What is ignored and is a very important point in this case is that a good deal of the proportion of the profit which will now be charged to a co-operative society arises from the fact that you bring back that interest which should not bear this charge, and which goes to persons who are not in a sense taking any measure of profit. You bring that back into our accounts for the purpose of imposing this additional charge. The net effect of that is that in the case of the industrial and provident society the payment on the profit will not be 5 per cent. or a shilling in the pound, but will amount to more than that because in the case of a cooperative society you bring back that interest charge for the purpose of making profits. In the case of a private company that share interest is not affected by the tax which is being proposed. It has always been charged at the source and has been assessable for Income Tax, and therefore it does not alter the ratio but works out at a shilling in the pound on sales. I submit to the Chancellor of the Exchequer that on the basis of comparison with his exemptions and on the basis of the Resolution of the Government the co-operative society and the industrial and provident society have an overwhelming case for exemption, and we trust that the opposition that we have put up cannot be destroyed by argument and that the case will be met by the Chancellor of the Exchequer.

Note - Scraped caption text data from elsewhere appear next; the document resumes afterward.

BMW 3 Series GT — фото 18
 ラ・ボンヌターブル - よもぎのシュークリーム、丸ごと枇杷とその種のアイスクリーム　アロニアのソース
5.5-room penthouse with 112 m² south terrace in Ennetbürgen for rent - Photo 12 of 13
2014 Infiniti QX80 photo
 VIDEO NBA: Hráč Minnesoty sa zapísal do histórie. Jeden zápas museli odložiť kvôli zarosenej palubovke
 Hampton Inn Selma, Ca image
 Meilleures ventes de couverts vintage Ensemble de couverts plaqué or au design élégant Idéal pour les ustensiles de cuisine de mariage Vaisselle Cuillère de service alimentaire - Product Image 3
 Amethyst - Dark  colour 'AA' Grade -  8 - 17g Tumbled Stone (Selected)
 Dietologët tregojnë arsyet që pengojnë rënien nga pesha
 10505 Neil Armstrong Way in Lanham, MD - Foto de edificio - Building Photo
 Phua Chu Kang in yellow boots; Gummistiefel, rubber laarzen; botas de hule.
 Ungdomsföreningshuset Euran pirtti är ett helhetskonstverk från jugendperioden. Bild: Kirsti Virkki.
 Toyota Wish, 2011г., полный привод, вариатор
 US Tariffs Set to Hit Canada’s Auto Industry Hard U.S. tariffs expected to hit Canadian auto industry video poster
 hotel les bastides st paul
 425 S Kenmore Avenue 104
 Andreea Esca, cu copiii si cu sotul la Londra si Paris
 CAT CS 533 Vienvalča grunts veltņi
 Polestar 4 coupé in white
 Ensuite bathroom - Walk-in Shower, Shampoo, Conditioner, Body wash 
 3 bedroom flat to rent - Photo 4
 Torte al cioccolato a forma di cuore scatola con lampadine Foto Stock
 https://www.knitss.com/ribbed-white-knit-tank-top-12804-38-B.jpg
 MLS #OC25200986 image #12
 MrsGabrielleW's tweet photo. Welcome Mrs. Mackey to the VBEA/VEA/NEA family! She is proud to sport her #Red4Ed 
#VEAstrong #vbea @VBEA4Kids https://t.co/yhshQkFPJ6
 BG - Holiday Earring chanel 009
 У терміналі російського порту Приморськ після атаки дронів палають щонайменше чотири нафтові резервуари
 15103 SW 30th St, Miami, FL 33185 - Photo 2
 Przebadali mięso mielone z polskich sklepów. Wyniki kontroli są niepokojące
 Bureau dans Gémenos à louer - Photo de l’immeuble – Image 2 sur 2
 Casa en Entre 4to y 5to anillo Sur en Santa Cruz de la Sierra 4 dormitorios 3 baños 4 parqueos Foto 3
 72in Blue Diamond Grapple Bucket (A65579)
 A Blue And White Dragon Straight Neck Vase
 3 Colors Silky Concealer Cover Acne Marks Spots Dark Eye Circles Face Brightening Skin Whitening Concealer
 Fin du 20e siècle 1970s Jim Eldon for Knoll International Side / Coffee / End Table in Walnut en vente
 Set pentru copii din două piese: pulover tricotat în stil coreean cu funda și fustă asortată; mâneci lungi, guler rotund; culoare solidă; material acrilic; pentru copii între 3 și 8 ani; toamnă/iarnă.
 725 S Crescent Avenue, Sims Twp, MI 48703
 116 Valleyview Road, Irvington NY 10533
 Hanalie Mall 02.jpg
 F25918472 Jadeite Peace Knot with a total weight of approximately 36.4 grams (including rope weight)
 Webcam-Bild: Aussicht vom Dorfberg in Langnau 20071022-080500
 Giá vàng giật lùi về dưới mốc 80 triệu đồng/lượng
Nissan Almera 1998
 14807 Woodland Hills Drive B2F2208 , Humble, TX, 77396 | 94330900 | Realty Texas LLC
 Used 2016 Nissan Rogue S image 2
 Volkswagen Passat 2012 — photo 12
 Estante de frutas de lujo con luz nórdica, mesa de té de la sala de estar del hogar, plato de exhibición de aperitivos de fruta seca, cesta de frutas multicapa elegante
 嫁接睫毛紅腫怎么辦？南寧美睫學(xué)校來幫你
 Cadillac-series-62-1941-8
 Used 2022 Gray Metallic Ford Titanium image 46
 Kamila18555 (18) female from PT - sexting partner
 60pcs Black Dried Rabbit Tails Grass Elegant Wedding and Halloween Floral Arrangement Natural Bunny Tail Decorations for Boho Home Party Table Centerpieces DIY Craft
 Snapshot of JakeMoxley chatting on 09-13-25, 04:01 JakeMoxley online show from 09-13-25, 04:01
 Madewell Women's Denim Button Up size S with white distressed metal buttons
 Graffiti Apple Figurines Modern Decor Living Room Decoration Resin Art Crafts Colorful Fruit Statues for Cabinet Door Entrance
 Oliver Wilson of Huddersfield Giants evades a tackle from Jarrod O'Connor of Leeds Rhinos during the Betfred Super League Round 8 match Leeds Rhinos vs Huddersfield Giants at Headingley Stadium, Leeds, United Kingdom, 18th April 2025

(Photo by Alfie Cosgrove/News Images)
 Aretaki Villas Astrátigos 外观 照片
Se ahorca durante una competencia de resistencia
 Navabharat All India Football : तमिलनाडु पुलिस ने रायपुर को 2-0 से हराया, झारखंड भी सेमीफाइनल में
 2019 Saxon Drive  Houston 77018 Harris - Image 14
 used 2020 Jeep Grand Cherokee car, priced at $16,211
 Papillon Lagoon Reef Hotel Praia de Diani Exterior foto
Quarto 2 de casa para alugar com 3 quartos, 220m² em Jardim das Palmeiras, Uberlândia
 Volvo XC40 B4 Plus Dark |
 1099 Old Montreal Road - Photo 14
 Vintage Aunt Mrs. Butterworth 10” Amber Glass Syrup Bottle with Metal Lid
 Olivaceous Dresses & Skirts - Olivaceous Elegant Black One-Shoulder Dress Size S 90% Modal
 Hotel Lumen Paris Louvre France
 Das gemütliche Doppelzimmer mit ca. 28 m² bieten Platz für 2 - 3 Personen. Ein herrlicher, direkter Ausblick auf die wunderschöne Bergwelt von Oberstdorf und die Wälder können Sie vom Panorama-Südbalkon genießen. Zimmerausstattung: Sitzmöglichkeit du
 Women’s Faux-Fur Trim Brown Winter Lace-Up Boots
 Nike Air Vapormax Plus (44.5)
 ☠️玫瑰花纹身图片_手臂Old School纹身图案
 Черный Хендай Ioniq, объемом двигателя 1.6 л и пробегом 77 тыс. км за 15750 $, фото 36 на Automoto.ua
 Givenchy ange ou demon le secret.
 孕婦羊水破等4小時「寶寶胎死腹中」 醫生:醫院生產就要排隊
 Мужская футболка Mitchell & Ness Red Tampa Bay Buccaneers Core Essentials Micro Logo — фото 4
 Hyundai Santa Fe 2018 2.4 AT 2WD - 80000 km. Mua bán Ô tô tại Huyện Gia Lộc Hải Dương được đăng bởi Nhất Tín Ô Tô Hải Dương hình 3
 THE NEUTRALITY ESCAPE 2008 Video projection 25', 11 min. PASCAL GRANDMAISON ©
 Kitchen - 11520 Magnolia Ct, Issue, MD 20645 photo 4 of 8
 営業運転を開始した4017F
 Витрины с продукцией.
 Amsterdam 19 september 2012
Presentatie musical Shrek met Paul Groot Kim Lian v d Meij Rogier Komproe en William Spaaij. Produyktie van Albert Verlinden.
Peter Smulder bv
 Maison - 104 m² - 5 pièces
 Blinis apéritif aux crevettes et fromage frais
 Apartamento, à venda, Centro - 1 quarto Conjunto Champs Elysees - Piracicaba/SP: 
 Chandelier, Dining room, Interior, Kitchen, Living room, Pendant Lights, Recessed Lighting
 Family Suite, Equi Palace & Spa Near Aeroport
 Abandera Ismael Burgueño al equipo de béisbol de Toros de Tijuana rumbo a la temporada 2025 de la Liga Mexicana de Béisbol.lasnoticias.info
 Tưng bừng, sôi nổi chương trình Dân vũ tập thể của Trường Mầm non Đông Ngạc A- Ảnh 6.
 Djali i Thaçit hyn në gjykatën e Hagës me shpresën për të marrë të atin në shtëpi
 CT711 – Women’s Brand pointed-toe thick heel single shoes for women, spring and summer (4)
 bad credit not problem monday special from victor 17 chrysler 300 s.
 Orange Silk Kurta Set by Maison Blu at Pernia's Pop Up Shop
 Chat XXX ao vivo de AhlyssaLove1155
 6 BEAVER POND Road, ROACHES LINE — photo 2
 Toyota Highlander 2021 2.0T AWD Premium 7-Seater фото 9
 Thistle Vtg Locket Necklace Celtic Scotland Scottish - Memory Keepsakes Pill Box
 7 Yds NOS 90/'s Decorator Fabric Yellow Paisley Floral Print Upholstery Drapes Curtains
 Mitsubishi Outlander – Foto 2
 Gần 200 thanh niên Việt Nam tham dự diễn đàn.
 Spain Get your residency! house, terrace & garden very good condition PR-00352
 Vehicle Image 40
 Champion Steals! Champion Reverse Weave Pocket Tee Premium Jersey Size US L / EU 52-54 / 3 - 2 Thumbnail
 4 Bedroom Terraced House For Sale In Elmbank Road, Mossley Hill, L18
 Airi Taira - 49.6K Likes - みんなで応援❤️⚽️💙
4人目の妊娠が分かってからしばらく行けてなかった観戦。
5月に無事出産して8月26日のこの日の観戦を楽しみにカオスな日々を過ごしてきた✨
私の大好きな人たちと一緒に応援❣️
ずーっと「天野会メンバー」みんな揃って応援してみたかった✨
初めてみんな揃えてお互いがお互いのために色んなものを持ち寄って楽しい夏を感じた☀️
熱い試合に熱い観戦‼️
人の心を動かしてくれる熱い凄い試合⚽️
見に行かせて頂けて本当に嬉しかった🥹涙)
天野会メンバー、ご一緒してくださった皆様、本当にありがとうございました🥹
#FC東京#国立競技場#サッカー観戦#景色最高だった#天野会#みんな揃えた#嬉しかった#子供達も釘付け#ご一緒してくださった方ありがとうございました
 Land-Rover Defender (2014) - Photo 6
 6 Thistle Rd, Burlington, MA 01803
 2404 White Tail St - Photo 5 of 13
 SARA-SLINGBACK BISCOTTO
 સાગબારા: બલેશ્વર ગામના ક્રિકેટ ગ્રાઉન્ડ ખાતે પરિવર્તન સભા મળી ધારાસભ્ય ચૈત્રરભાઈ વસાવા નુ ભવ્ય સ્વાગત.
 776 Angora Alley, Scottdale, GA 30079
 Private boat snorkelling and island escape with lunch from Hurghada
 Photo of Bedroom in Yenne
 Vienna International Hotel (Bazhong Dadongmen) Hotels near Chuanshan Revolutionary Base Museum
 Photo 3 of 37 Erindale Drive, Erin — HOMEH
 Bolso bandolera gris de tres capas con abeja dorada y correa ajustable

I am glad that I gave way to the hon. Gentleman, who not only speaks with very special knowledge of this subject, but who has put the case, as he said he would like to put it, without prejudice. He tried to state the matter as he sees it, and I am obliged to him. I will do the same because I think that, although this subject has in times past excited a good deal of feeling, and it is easy to become excited about it, it is worth calm consideration, and I will state to the Committee briefly why I think that this Amendment should be resisted. May I state one or two things which are not included in the hon. Gentleman's review but which it is useful to have on record? Of course, co-operative societies very often have to pay loan interest, and in the same way co-operative societies not infrequently have investment income. And it is important that it should be quite clear how those elements are dealt with in connection with this new scheme of tax. Under this scheme of tax, investment income is completely excluded from any calculation as to the figure upon which the tax is charged. If a co-operative society, therefore, is drawing income from investments, which it sometimes is, that does not attract tax as such.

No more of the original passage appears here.